Retail Sales Increase

Improving economic growth in the US was negative for mortgage rates this week. This was mostly offset by weakness in Europe and Japan, however. As a result, mortgage rates ended the week just a little higher.

The biggest US economic report released this week was Retail Sales. Since Retail Sales account for roughly 70% of economic activity, this report is closely watched by investors and the Fed. Consumer Spending increased at a 2.2% annual rate during the fourth quarter of 2012, but investors are concerned that it may slow during the first quarter due to a number of factors, including this year's payroll tax increase and rising gas prices. Investors were pleased that the actual results showed that January Retail Sales posted a small increase from December. The full impact of the payroll tax increase may not be seen until February or March, though.

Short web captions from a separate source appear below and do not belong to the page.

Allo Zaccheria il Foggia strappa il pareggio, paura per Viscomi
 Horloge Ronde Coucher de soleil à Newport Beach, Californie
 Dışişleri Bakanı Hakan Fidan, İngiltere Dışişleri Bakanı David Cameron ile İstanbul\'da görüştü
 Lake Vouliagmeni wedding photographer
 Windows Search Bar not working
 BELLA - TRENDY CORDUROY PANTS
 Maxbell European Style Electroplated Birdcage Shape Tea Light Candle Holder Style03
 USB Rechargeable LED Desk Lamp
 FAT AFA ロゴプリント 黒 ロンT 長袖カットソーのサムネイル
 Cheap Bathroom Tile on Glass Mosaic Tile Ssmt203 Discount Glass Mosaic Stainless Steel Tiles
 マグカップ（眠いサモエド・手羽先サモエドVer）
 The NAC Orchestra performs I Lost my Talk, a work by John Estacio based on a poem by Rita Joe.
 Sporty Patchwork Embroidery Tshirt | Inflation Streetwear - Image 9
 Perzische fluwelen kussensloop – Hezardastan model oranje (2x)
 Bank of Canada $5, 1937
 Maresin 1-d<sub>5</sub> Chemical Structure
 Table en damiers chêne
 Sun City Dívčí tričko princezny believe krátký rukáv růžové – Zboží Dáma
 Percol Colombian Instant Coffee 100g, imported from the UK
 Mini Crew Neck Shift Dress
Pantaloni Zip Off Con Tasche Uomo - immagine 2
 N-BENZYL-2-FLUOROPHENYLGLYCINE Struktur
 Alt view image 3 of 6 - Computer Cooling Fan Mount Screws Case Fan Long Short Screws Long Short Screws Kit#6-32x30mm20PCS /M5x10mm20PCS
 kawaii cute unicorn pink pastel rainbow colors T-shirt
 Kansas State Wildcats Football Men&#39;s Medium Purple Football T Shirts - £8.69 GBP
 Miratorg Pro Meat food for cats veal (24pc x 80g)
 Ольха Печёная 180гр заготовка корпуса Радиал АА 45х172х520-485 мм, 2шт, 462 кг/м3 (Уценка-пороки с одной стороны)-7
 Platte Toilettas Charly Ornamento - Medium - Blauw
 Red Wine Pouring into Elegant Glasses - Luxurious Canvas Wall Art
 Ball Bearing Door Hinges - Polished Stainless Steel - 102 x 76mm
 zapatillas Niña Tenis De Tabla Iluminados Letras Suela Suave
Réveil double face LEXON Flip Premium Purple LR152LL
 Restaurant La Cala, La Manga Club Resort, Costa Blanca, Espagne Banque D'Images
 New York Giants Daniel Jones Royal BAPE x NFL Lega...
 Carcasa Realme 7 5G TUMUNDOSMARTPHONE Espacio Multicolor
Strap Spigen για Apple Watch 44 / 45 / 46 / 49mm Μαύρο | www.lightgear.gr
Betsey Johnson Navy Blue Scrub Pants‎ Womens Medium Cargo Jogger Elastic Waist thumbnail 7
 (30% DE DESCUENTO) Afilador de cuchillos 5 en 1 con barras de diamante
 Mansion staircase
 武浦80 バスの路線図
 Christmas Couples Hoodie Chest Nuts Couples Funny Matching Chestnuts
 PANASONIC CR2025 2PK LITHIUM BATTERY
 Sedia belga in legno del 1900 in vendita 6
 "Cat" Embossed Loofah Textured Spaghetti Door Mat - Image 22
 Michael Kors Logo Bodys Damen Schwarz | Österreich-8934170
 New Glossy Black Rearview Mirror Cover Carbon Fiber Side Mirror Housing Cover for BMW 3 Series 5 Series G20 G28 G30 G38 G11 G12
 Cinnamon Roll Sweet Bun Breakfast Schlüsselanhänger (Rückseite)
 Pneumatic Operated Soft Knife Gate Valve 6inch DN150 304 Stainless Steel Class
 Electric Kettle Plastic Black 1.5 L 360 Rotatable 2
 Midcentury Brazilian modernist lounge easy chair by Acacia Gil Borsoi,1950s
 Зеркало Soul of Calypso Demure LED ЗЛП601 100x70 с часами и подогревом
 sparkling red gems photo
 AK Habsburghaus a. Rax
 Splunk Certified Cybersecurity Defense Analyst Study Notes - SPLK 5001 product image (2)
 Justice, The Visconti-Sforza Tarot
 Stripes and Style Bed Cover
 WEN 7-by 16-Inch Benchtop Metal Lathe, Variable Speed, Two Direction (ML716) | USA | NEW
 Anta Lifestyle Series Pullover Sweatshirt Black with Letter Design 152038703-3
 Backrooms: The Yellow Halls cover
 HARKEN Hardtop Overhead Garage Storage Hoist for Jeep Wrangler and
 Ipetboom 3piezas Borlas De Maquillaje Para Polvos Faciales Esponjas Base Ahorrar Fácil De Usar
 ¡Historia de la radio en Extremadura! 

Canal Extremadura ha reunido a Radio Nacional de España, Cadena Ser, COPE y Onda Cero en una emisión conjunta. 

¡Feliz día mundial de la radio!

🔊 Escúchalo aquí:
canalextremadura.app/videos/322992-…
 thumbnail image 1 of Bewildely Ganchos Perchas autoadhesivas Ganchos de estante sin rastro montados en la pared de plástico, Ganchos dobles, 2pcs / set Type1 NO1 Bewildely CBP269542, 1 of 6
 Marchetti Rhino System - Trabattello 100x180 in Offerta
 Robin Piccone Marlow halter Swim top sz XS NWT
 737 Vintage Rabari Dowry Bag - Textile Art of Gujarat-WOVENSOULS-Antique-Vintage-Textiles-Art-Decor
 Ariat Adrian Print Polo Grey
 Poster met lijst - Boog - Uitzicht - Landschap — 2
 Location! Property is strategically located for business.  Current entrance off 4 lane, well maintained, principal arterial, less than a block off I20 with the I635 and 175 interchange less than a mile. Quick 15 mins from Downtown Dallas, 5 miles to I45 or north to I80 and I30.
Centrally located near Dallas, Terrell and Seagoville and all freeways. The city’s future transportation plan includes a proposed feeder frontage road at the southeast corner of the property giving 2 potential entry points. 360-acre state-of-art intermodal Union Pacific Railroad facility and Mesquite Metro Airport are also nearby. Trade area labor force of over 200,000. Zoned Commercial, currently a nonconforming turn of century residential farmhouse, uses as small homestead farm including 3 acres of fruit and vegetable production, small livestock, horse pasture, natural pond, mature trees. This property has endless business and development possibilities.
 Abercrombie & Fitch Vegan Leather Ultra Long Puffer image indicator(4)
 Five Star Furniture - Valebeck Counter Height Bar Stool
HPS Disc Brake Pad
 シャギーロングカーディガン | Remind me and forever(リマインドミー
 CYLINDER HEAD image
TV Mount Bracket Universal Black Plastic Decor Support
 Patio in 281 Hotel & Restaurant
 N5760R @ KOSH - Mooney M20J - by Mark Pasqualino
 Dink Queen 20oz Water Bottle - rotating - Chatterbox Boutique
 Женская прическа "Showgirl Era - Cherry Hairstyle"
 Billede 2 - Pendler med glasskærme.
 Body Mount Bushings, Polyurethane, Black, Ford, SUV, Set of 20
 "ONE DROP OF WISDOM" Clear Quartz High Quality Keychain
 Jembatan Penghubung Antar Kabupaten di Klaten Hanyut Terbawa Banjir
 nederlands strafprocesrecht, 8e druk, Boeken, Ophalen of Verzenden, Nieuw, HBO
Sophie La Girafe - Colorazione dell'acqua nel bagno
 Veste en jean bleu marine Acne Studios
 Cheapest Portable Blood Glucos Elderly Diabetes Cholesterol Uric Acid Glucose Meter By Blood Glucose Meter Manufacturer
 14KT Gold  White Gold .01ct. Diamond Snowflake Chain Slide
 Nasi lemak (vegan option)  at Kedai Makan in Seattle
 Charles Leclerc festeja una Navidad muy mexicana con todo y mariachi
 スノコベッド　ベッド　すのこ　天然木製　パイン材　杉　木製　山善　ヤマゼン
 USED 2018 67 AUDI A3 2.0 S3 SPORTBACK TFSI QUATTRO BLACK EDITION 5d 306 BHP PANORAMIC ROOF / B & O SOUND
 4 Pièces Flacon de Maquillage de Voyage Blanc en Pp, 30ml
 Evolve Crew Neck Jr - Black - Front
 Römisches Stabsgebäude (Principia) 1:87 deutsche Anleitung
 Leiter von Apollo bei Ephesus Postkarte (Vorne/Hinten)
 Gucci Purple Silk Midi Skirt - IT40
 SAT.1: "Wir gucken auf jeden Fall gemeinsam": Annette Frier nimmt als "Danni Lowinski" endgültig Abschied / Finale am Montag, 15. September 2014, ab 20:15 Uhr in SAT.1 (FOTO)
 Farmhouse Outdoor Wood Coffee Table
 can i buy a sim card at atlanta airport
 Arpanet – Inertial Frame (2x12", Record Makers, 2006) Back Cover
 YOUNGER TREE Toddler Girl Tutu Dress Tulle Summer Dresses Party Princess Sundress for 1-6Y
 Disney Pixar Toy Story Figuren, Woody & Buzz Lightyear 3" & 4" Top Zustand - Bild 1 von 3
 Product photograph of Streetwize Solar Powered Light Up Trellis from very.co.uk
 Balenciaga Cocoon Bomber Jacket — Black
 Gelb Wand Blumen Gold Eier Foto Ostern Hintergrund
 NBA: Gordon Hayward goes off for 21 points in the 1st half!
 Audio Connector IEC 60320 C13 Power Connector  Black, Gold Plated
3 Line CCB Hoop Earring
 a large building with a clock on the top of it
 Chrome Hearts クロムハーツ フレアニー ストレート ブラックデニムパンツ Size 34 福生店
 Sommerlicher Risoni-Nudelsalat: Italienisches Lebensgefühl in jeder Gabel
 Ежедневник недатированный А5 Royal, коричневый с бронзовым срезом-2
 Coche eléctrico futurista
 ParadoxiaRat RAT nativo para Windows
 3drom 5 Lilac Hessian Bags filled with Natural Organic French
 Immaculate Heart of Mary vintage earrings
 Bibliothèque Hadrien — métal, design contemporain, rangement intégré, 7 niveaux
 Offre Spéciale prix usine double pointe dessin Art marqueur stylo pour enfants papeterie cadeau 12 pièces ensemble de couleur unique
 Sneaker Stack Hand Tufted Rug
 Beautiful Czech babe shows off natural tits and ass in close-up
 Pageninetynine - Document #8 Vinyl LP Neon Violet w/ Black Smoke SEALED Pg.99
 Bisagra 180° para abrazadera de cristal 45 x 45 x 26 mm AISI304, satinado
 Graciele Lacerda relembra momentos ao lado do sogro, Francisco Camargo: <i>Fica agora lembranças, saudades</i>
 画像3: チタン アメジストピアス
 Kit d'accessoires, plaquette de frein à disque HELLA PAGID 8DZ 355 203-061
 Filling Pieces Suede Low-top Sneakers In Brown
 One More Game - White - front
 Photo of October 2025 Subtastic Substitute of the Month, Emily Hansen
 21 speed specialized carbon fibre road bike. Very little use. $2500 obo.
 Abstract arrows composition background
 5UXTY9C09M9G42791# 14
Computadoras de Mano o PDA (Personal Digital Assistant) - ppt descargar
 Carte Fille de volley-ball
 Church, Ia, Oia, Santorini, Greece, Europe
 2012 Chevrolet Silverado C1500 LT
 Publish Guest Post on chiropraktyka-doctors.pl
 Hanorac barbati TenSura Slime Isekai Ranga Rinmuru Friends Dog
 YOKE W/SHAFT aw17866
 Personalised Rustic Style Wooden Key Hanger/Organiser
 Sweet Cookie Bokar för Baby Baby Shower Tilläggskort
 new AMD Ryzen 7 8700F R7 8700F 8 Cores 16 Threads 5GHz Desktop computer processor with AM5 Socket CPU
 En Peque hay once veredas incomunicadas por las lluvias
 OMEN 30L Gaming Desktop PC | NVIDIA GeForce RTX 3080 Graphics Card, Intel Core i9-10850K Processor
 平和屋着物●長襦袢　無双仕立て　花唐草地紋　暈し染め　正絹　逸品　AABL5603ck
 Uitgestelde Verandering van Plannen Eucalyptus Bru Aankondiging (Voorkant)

The news from Europe and Japan released this week revealed less impressive economic results. Fourth quarter GDP in the euro zone fell short of expectations, declining at a 2.3% annualized rate, the third straight quarter of negative readings. Even Germany, which had remained relatively strong during most of Europe's financial crisis, dropped at the same 2.3% annualized rate. GDP in Japan was expected to rise during the fourth quarter, but it also declined, for the third straight quarter. In general, slower global economic growth reduces future inflation expectations in the US, which is positive for mortgage rates.